- _Data records_:
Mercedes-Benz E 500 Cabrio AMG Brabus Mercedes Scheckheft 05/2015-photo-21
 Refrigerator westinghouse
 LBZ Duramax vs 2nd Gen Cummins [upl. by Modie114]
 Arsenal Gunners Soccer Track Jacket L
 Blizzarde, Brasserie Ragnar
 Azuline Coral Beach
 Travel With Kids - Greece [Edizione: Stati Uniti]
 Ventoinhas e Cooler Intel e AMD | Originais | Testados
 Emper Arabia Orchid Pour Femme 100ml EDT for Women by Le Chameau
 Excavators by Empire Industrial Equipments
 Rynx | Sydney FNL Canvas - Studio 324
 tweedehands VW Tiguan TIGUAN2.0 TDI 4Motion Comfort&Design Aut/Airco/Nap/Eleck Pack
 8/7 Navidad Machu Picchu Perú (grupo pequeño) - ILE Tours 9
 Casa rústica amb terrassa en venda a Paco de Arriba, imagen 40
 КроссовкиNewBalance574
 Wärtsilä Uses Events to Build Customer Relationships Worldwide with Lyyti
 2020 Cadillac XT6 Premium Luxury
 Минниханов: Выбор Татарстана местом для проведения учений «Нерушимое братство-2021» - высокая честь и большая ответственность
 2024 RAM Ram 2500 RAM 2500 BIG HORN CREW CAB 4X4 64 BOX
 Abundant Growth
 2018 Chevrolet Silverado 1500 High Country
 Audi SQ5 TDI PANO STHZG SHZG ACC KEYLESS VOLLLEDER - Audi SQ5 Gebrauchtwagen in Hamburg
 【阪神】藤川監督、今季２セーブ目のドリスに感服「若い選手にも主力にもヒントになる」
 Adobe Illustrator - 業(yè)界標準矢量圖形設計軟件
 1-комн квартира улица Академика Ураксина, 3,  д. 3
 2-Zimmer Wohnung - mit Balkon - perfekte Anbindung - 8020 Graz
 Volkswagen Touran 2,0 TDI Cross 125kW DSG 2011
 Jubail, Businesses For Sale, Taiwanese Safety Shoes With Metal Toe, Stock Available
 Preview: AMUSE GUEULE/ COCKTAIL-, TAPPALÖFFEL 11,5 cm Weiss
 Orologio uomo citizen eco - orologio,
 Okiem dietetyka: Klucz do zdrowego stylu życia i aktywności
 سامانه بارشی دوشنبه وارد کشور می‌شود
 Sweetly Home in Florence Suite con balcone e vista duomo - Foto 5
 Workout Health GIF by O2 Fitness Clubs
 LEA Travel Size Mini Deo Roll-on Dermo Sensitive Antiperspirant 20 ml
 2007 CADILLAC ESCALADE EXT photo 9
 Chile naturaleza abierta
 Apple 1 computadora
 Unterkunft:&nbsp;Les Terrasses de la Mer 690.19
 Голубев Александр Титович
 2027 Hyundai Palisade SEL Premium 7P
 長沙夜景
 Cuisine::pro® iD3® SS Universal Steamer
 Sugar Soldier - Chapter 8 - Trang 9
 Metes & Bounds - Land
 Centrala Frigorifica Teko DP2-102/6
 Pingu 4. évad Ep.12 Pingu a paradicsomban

- _What is expected_: Find the line with "Минниханов: Выбор Татарстана". Transcribe it and every line after it exactly, through the end of the records above, and nothing else.

- _Solution for this task_:
 Минниханов: Выбор Татарстана местом для проведения учений «Нерушимое братство-2021» - высокая честь и большая ответственность
 2024 RAM Ram 2500 RAM 2500 BIG HORN CREW CAB 4X4 64 BOX
 Abundant Growth
 2018 Chevrolet Silverado 1500 High Country
 Audi SQ5 TDI PANO STHZG SHZG ACC KEYLESS VOLLLEDER - Audi SQ5 Gebrauchtwagen in Hamburg
 【阪神】藤川監督、今季２セーブ目のドリスに感服「若い選手にも主力にもヒントになる」
 Adobe Illustrator - 業(yè)界標準矢量圖形設計軟件
 1-комн квартира улица Академика Ураксина, 3,  д. 3
 2-Zimmer Wohnung - mit Balkon - perfekte Anbindung - 8020 Graz
 Volkswagen Touran 2,0 TDI Cross 125kW DSG 2011
 Jubail, Businesses For Sale, Taiwanese Safety Shoes With Metal Toe, Stock Available
 Preview: AMUSE GUEULE/ COCKTAIL-, TAPPALÖFFEL 11,5 cm Weiss
 Orologio uomo citizen eco - orologio,
 Okiem dietetyka: Klucz do zdrowego stylu życia i aktywności
 سامانه بارشی دوشنبه وارد کشور می‌شود
 Sweetly Home in Florence Suite con balcone e vista duomo - Foto 5
 Workout Health GIF by O2 Fitness Clubs
 LEA Travel Size Mini Deo Roll-on Dermo Sensitive Antiperspirant 20 ml
 2007 CADILLAC ESCALADE EXT photo 9
 Chile naturaleza abierta
 Apple 1 computadora
 Unterkunft:&nbsp;Les Terrasses de la Mer 690.19
 Голубев Александр Титович
 2027 Hyundai Palisade SEL Premium 7P
 長沙夜景
 Cuisine::pro® iD3® SS Universal Steamer
 Sugar Soldier - Chapter 8 - Trang 9
 Metes & Bounds - Land
 Centrala Frigorifica Teko DP2-102/6
 Pingu 4. évad Ep.12 Pingu a paradicsomban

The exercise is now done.